Freud, ao desenvolver a Psicanálise, assumiu uma imensa quantidade de posicionamentos, alguns deles bastante questionáveis, mas soa extremamente leviano tentar pô-los abaixo, como fez meu missivista, mediante afirmações feitas ex cathedra, sem nenhuma argumentação séria que as sustente. Aliás, seja dito de passagem, discordo de muitos dos posicionamentos de Freud, mas, sobre a matéria em pauta, ainda não vi nenhuma argumentação capaz de invalidar os por ele sustentados.
[1] "die Psychoanalyse kein Spezialfach der Medizin ist. Ich sehe nicht wie man sich sträuben kann, das zu erkennen. Die Psychoanalyse ist ein Stück Psychologie, auch nicht medizinische Psychologie im alten Sinne oder Psychologie der krakhaften Vorgänge, sondern Psychologie schechtweg": S. Freud, "Nachwort zur Frage der Laienanalyse" (1927), in: A. Freud et al., eds., S. Freud Gesammelte Werke, Frankfurt am Main, Fischer, 1999 – ora em diante sempre referida como GW – vol. XIV, p. 289.
[2] "die Pschychoanalyse" ... "eine Spezialwissenschaft, ein Zweig der Psychologie". S. Freud, "Neue Folgue der Vorlesungen zur Einführung in die Psychoanalyse" (1933/1932), in GW, vol. XV, p. 170; ESB, 1976, vol. 22, p. 194.
[3] "Die Psychoanalyse ist ein Stück der Seelenkunde der Psychologie": S. Freud, "Some Elementary Lessons in Psychoanalysis", 1940/1938, in GW., vol. 17, p. 142 (o título do artigo, mesmo na edição alemã está em inglês).
[4] "Mann nennt sie auch ‘Tiefenpsychologie’ ", ibid.

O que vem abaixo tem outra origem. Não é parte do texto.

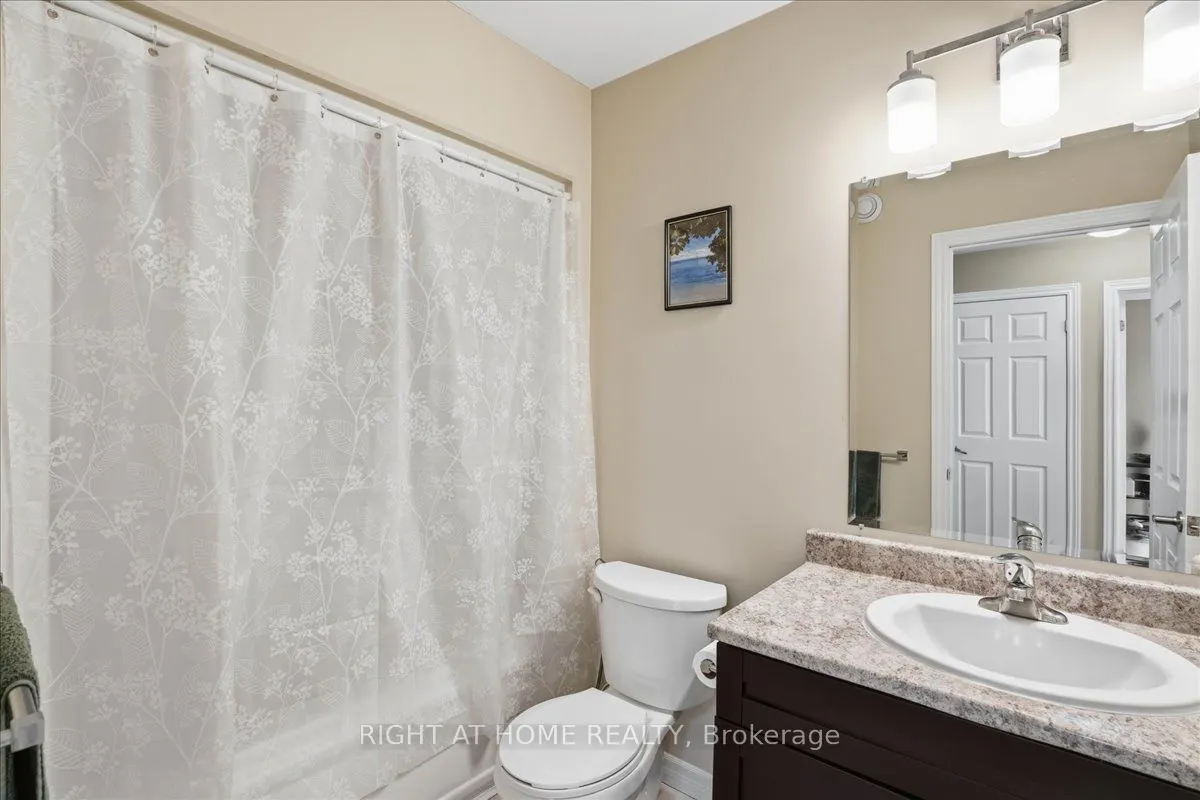 3 Nottingham Court #3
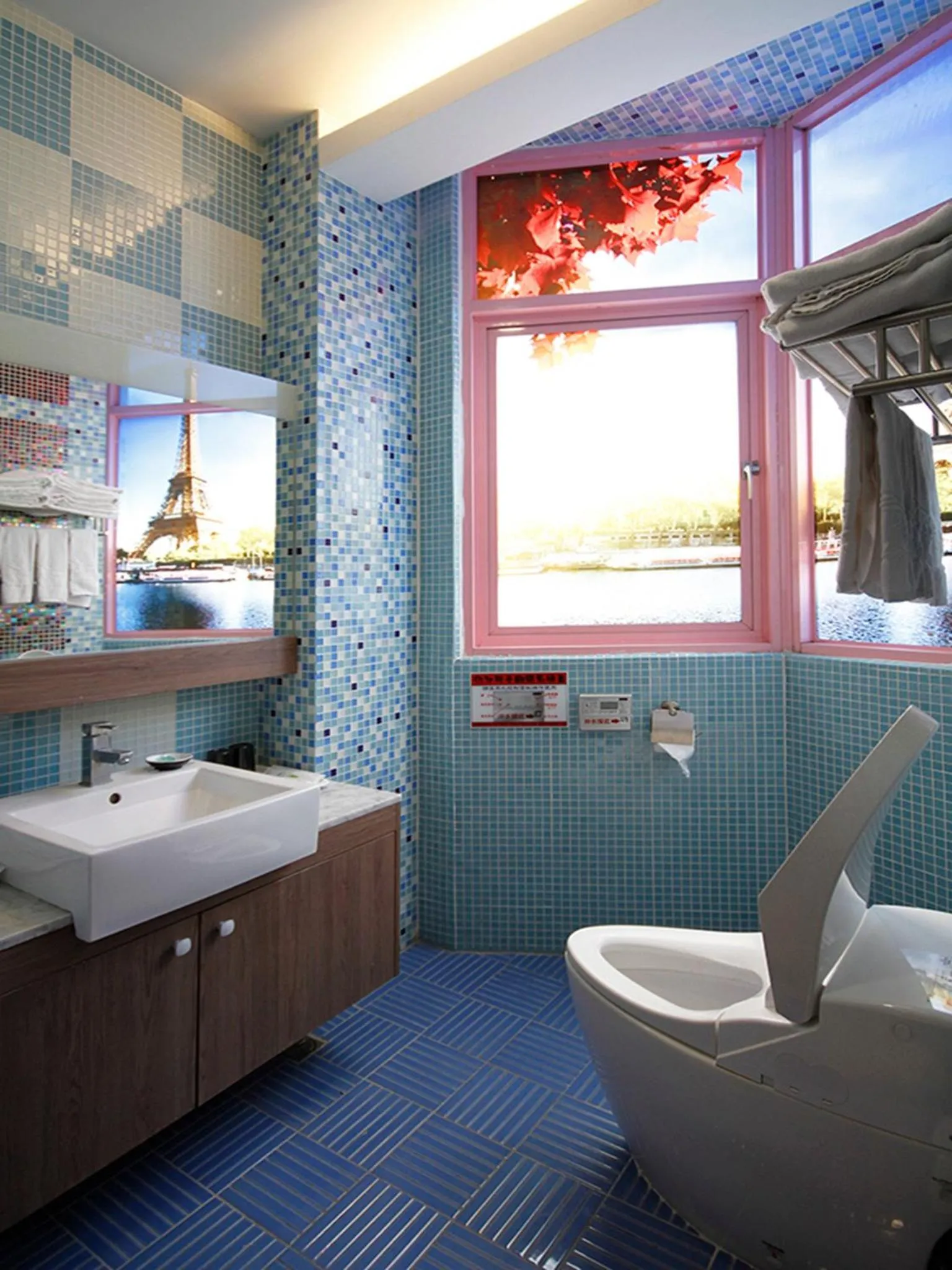 Bathroom in Chihpan City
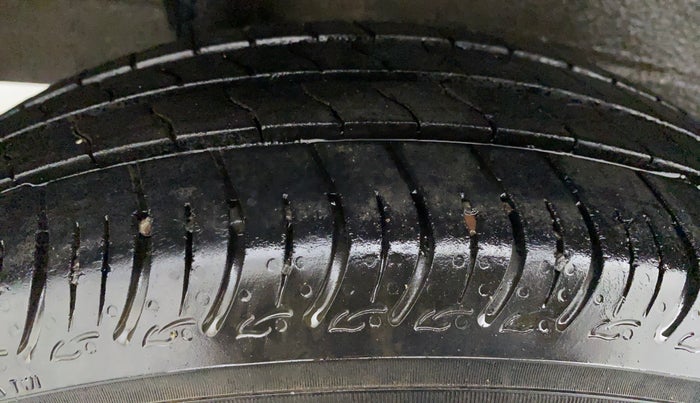 2020 Maruti S PRESSO VXI CNG, CNG, Manual, 19,609 km, Left Front Tyre Tread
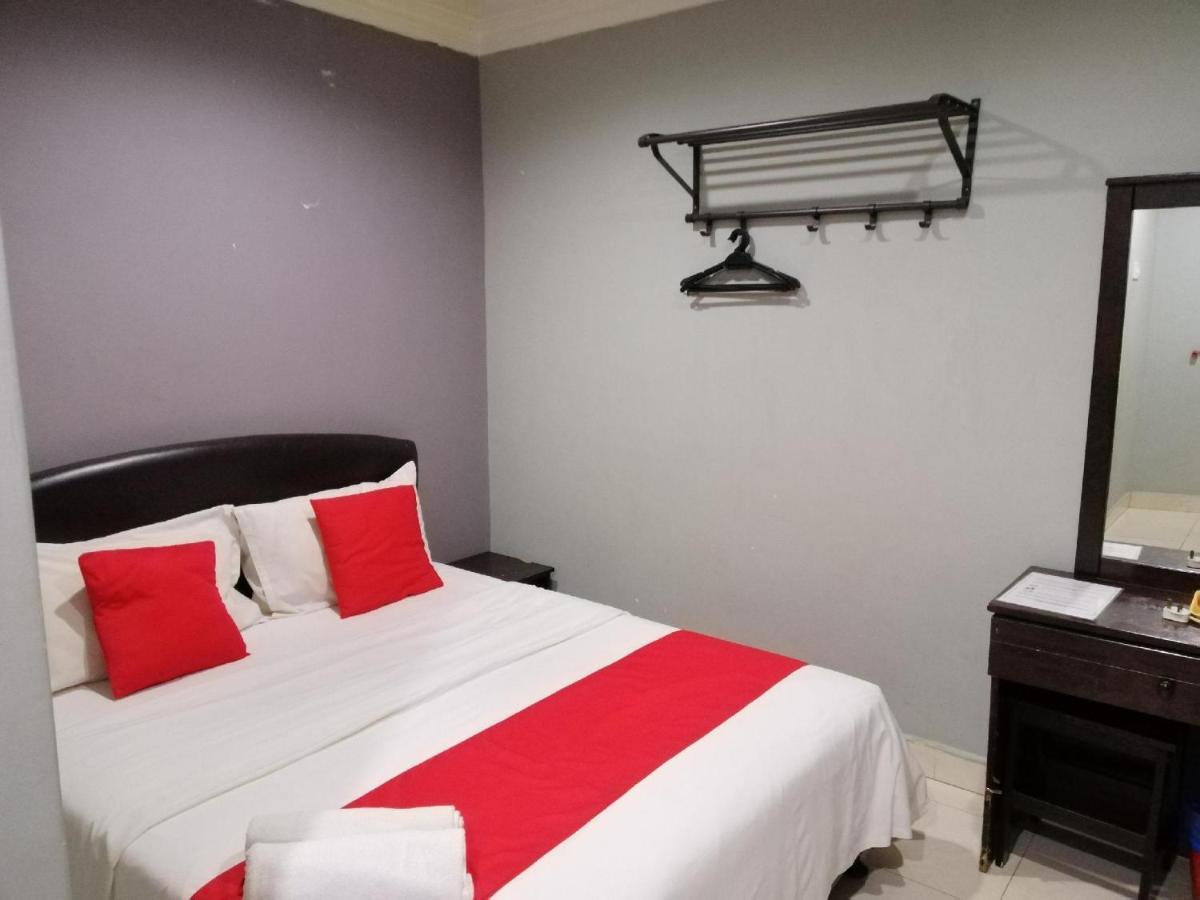 Puteri Ampang Hotel Esterno foto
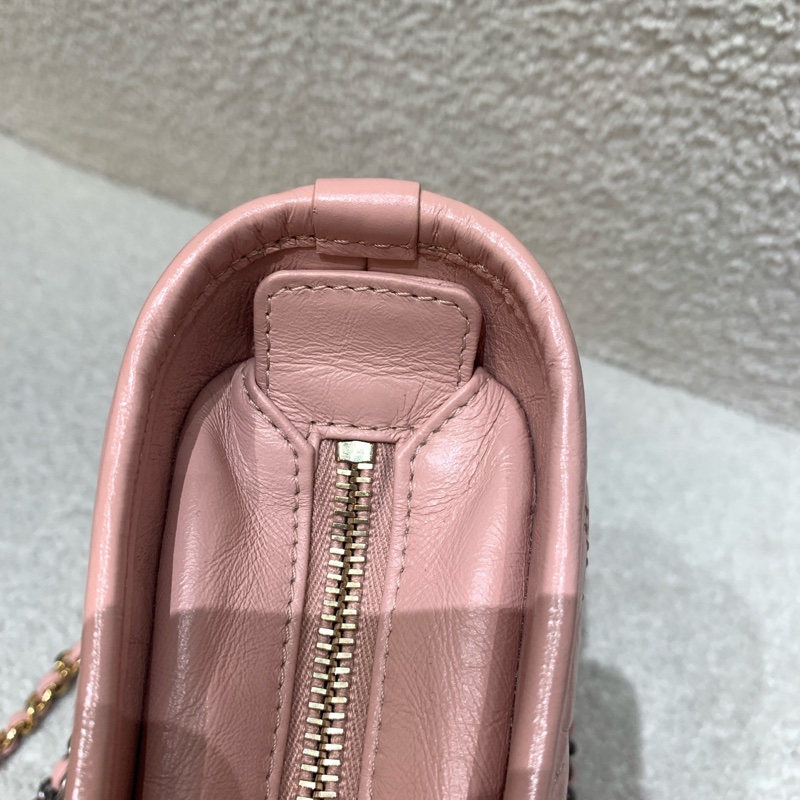 Chanel • Gabrielle 經典牛皮流浪包小號 櫻花粉 金釦 🌸 有卡✔️-11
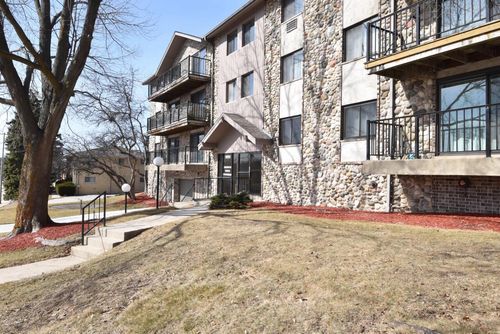 211-12000 W Bluemound Road, WAUWATOSA, WI, 53226 | Card Image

[5] "In den Naturwissenschaften, zu denen die Psychologie gehört". S. Freud, “Selbstdarstellung”, in: GW, vol. 14, p. 84 (nota: A tradução deste trecho pela Imago – vol. 20, p. 73 – é grotesca: “Nas ciências naturais, das quais a psicologia é uma delas”).
[6] “I have always felt it as a gross injustice that people have refused to treat psycho-analysis like any other science”, S. Freud, “An Autobiographical Study”, in: J. Strachey, ed., The Standard Edition of the Complete Psychological Works of Sigmund Freud, Londres, Hogarth – doravante sempre referida como SE – vol. 20, p. 58
[7] "Die Psychologie ist auch eine Naturwissenschaft": S. Freud. "Some Elementary Lessons in Psychoanalysis", in GW., vol. 17, p. 143.
[8] "hat die andere Auffassung, das Psychische sei an sich unbewusst, gestattet, die Psychologie zu einer Naturwissenschaft wie jede andere auszugestalten." S. Freud. Abriss der Psychoanalyse, in GW, vol.17, p. 80.